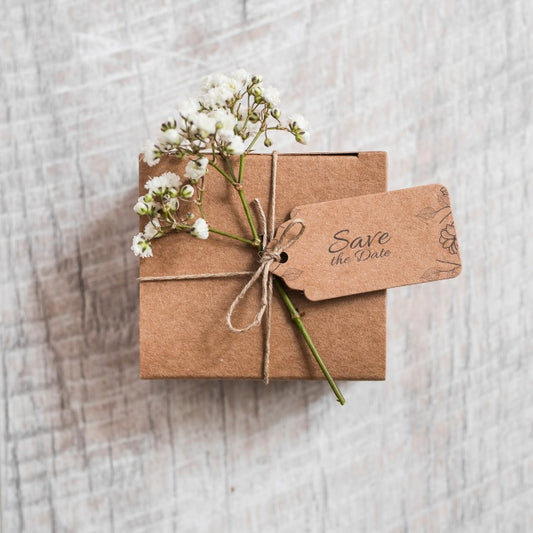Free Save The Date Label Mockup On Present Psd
::::::::::
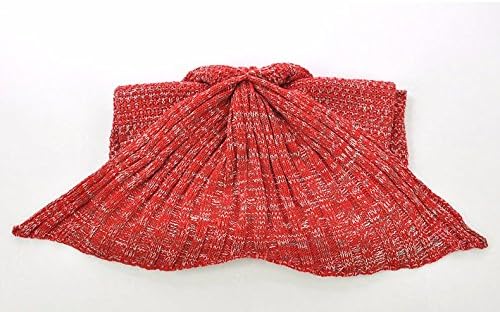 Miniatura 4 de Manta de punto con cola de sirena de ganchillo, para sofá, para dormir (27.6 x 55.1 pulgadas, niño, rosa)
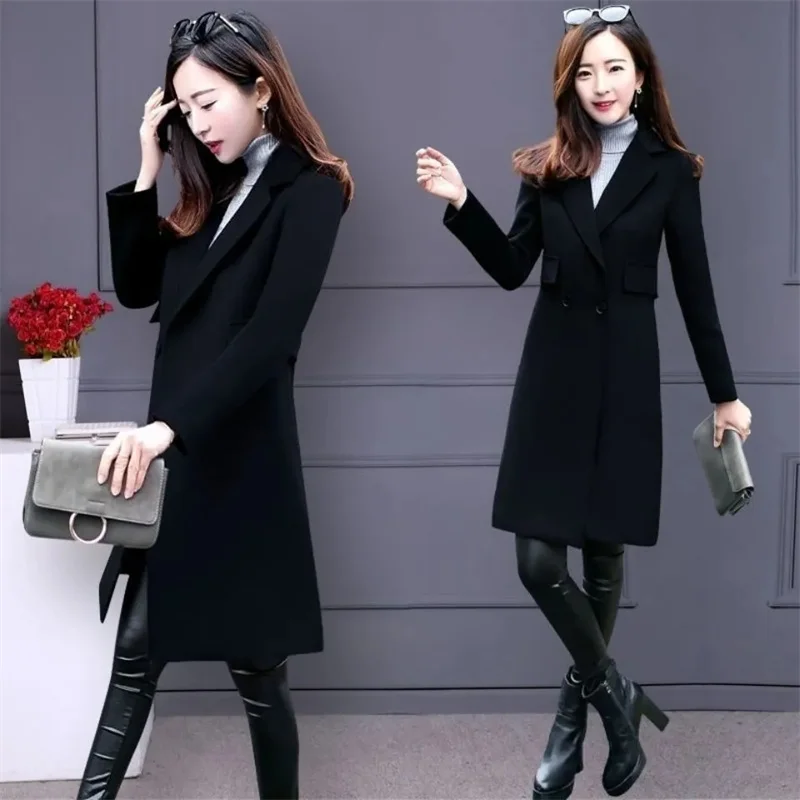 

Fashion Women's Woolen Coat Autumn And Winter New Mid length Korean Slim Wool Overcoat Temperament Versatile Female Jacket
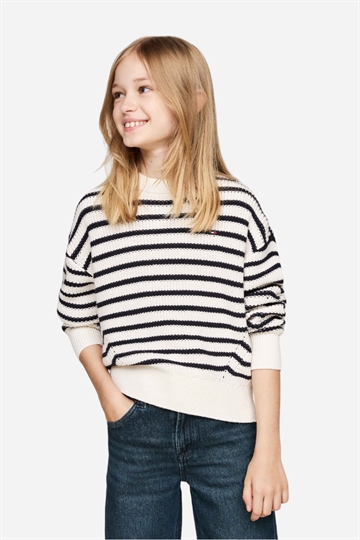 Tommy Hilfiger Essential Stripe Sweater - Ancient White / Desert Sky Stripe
::::::::::
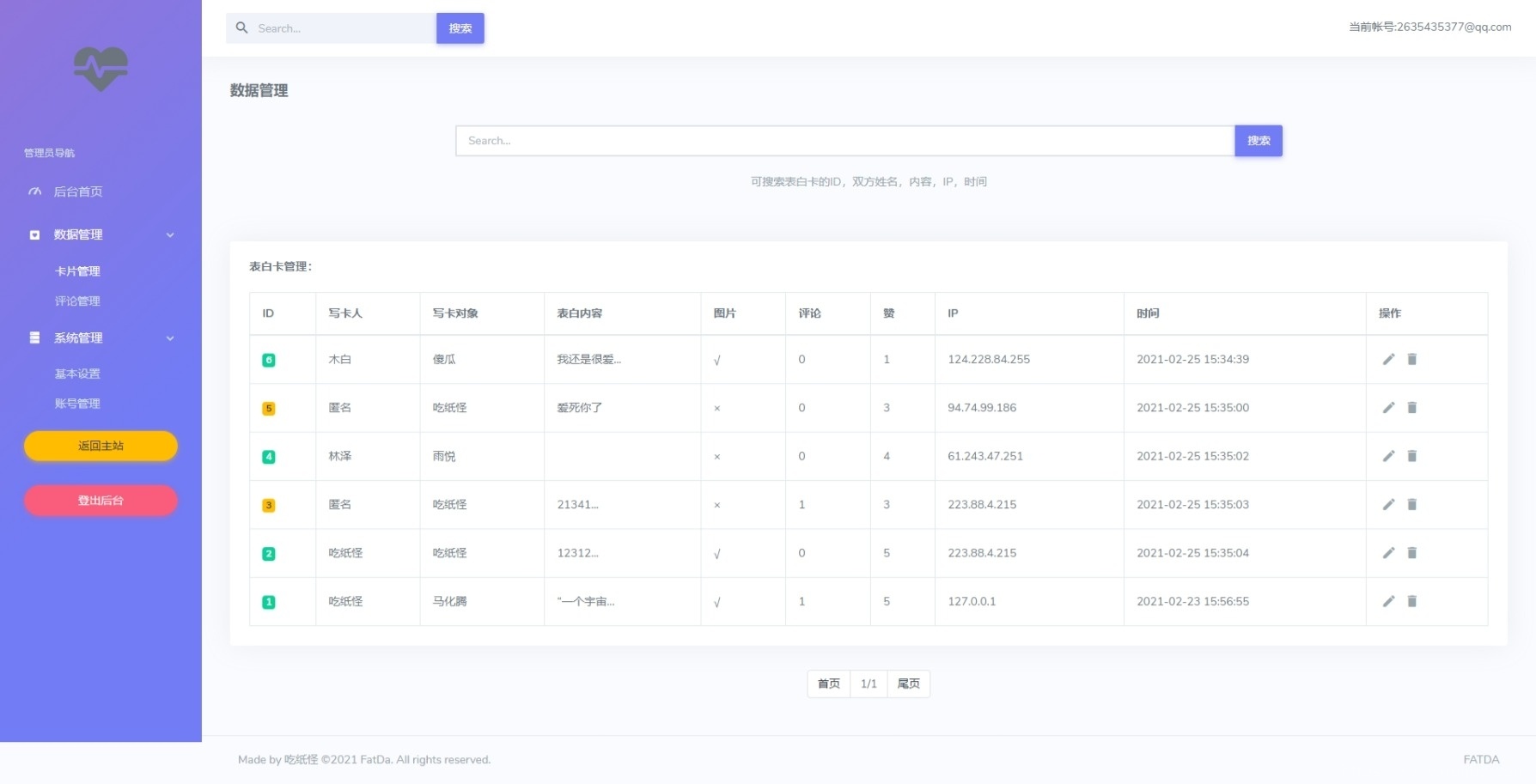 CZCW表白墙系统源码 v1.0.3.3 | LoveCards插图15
::::::::::
What the task asks ▸ Starting at the line containing "Fashion Women's Woolen" and stopping at the line containing "Tommy Hilfiger Essential", output each line exactly as it appears above. Leave out the pictures.

Result ▸
Fashion Women's Woolen Coat Autumn And Winter New Mid length Korean Slim Wool Overcoat Temperament Versatile Female Jacket
 Tommy Hilfiger Essential Stripe Sweater - Ancient White / Desert Sky Stripe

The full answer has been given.